I am always looking for a simple and quick side dish to make with dinner. I always feel like it is an after thought and I usually just heat up whatever frozen/canned veggies I have on hand. The other day I was looking in one of my cookbooks and came across a recipe that I thought fit the bill.

Confetti Corn
Barefoot Contessa: back to basics.

2 tablespoons good olive oil
1/2 cup chopped red onion
1 small orange bell pepper, 1/2" dice
2 tablepoons butter
Kernals from 5 ears of corn (4 cups)
1 1/2 teaspoons kosher salt
1 teaspoon freshly ground black pepper
2 tablespoons julienned fresh basil, minced fresh chives, and/or minced fresh parsley

Heat the olive oil over medium heat in a large saute pan. Add the onion and saute for 5 minutes, until the onion is soft. Stir in the bell pepper and saute for 2 more minutes.
Add the butter to the pan and allow it to melt. Over medium heat, add the corn, salt and pepper and cook, stirring occasionally for 5 to 7 minutes, until the corn just loses its starchiness. Season to taste, gently stir in the basil or other green herbs, and serve hot.

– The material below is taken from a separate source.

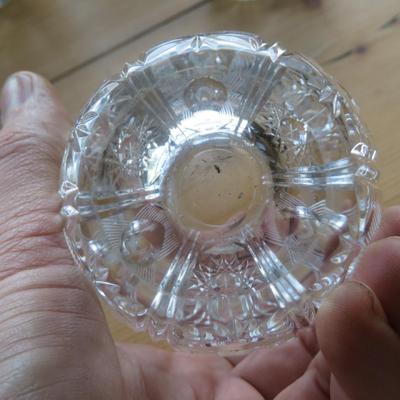 Ornate Crystal Tumbles / Cocktail Glasses - Lot of 5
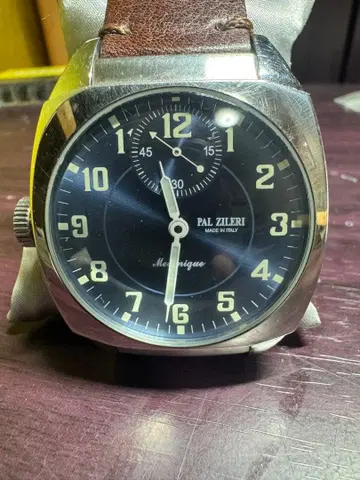 PAL ZILERI 파르지렐리 수동 와인딩 손목시계 파랑 다이얼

Review: Wow is this recipe a keeper...easy, fast and tasted amazing. I didn't do exactly as the recipe is written above but I didn't really change much. I used a yellow onion instead of a red one, and I used a red bell pepper instead of the orange one it calls for. I also didn't add the butter to the pan because I ended up using more oil then I should of. I also am so mad at myself because I have fresh basil and parsley in my garden and I totally forgot to use it. Well this dish was so yummy that I am going to make it again and use the herbs. It could only make it better.